Beyond this Unitary State . . .

Syed Badrul Ahsan

The High Court has just informed us that the Chittagong Hill Tracts Regional Council Act 1998 does not have any legal basis and so must be struck down. And indeed it has been struck down. A key point behind the judiciary's decision is the very nature of the Bangladesh state, a reality that does not allow any distinction or discrimination where political and administrative governance is concerned. The unitary character of the state is the pivot around which the entire argument about the act in question revolves. That being the truth, you now wonder if there are ways, other ways, in which the republic we fashioned out of war close to four decades ago can move on and into the future. Should some serious thought be given to the idea of transformation where the future viability of the Bangladesh state is concerned?

Which reminds us of the clear, precise comment Bangabandhu Sheikh Mujibur Rahman made at his first news conference as Bangladesh's prime minister in January 1972. When a newsman asked him how many provinces he meant to segment Bangladesh into, the Father of the Nation came forth with a blunt, rather indignant response. The very size of the country, he told the assembled journalists, precluded a division of it into provinces. And that was that. But three years later came the move for a fundamental change in the nature of the state. Through the Fourth Amendment to the constitution, the Jatiyo Sangsad transformed Bangladesh into a one-party state to be headed by an all-powerful president. Bangabandhu did not see it that way, of course. He called the change a Second Revolution and went out of his way to convince people that the rise of the Bangladesh Krishak Sramik Awami League (Baksal) was not in any way a foisting of a single party structure on the country but in truth a national platform on which the nation could come together. The move was followed by a segmentation of Bangladesh into sixty districts, with each district to be administered by a governor. The new districts were scheduled to be inaugurated in early September 1975.

The bloody coup d'etat of 15 August 1975 pushed everything down the precipice. Indeed, the state went into reverse, reactionary gear in line with the tradition set by the Pakistan army in 1958 and all the way to 1971. It was not until the rise of Bangladesh's second military dictator, Hussein Muhammad Ershad, in 1982 that a fresh move was made to restructure Bangladesh's political landscape. Ershad went for the creation of an upazilla system that would serve as the base for a decentralization of political authority, well away from the entrenched administrative system in Dhaka. That was surely a positive step. What was not was the military regime's decision to interfere with the independence of the judiciary. Breaking up the High Court into seven divisions, to be located in various regions of the country, was considered, and very properly too, a clear attempt to undermine the system of justice. To the relief of the country, though, the judiciary eventually overturned that action brought about by dictatorial fiat.

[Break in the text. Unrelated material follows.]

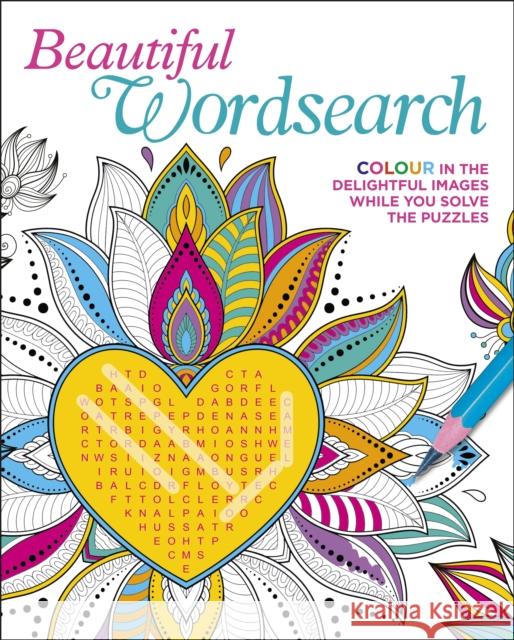 Beautiful Wordsearch: Colour in the Delightful Images While You Solve the Puzzles Eric Saunders 9781838573645 Arcturus Publishing Ltd - książka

Now, where the CHT is concerned, matters are a little more complicated. You do not need to be told that the many indigenous cultures that inhabit Bangladesh have entities distinct from one another as also from the larger Bengali population. And that is reason why these cultures should have officially been acknowledged in the nation's constitution, when it was drafted and adopted in 1972, in their own right. A Chakma, a Mro, a Santal, a Marma, a Garo, et al, has an existence that ought not to have been subsumed within Bengali culture. But they were, with the inevitable ramifications coming in. The rest is of course part of history.

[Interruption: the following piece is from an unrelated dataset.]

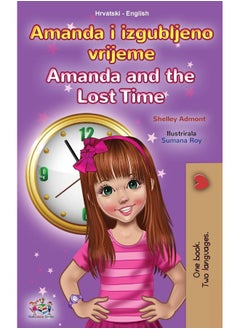Amanda and the Lost Time (Croatian English Bilingual Children's Book)  - Image 2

The High Court judgment makes a salient point: in a unitary state it is unwise to go for measures that give off a whiff of pseudo-federalism. The point is well taken. More importantly, the judgment ought to be a springboard to fresh new thinking on the ways in which the republic can fulfill its obligations to citizens. Obviously, it will be naïve to toy with thoughts of provincial structures of government within a larger federal structure. There are reasons why Bangladesh cannot be reinvented in that manner. In the first place, the very homogeneity (or a very large degree of it) of the population does not support a reconstitution of the state into a federal structure. In the second, federalism would only increase the size of government, at many levels, and with that increase the reach of the bureaucracy. But a thought that could be explored is a division of the country into some, say four or five, administrative regions with upazillas, in single as well as collective fashion, being responsible for part or all of an administrative region. Education, the lower courts, police and other bodies could come under these administrative regions, with each region comprising a few upazillas.

And where does that place members of Parliament? They will be free to focus on their role as lawmakers, but where ensuring the welfare of their constituents is the issue, they can coordinate their work with the upazilla administrations. They will not contest the elected authority of the upazilla parishads and they will not be imposed on the upazillas in any advisory capacity. The upshot? Have Bangladesh follow the principles of local government, in totality. Without local government, all you have is messily organized chaos.

One last point, for now: the upazillas as well as the administrative regions will be empowered to exercise financial authority within the areas under their jurisdiction, the financial resources guaranteed to them through clearly defined constitutional procedures.

Thoughts, just thoughts. And they keep coming.